Below are entries; copy exactly, and only, the lines from the one containing "Case study: Decreased" through their final line, leaving out pictures.

┌─ AVAILABLE DATA

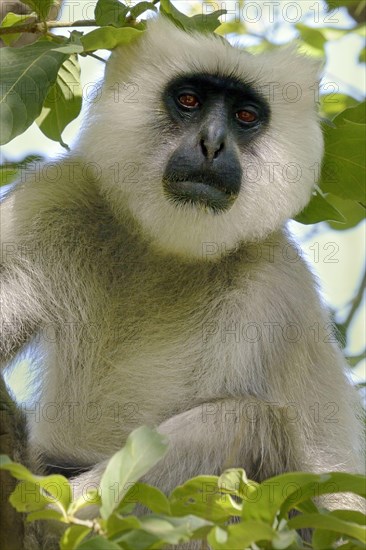 Tarai Grey tarai grey langur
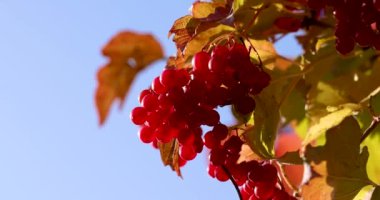 Parlak kırmızı böğürtlen kümesi, açık mavi gökyüzüne karşı, sonbaharın canlı renklerini ve doğanın cömertliğini sergiliyor.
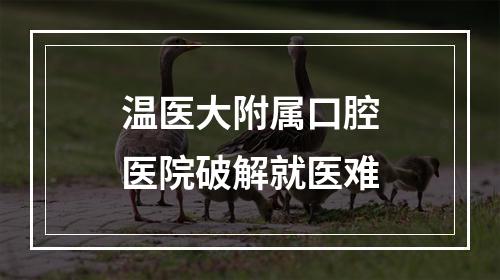 温医大附属口腔医院破解就医难
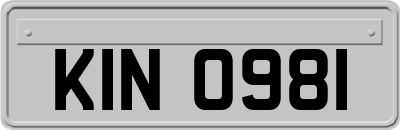 KIN0981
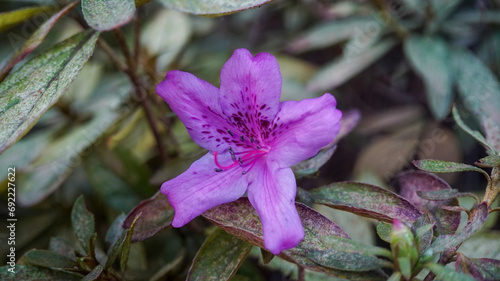 Purple Flower of Rhododendron yedoense photo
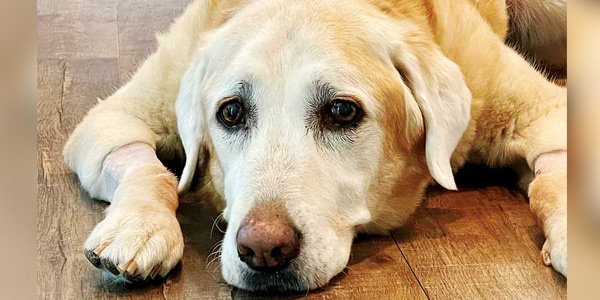 Case study: Decreased appetite in a 13-year-old Labrador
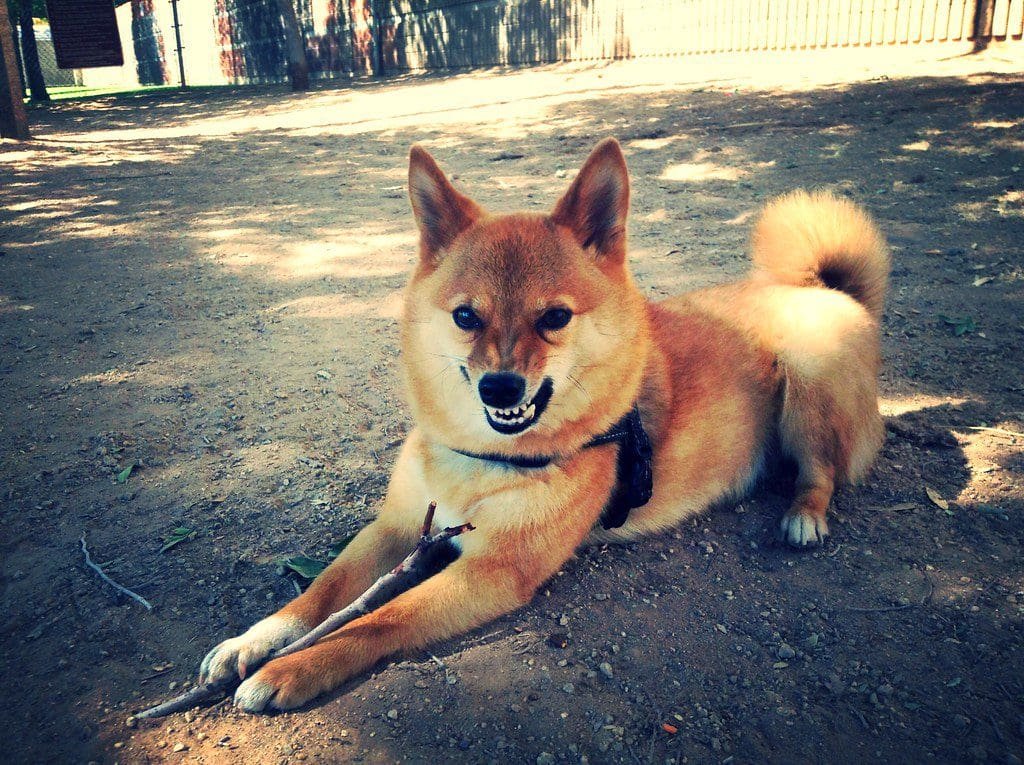 Meme token Shiba Inu (SHIB) rallied over 200% in 3 days to enter the top 20 cryptocurrency club, replacing Bitcoin Cash (BCH) on the 17th spot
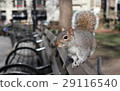 Squirre 29116540
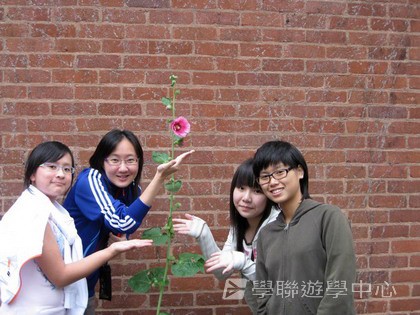 都會文化啟迪營,學聯遊學團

└─

● REPLY TO THE TASK
 Case study: Decreased appetite in a 13-year-old Labrador
 Meme token Shiba Inu (SHIB) rallied over 200% in 3 days to enter the top 20 cryptocurrency club, replacing Bitcoin Cash (BCH) on the 17th spot
 Squirre 29116540
 都會文化啟迪營,學聯遊學團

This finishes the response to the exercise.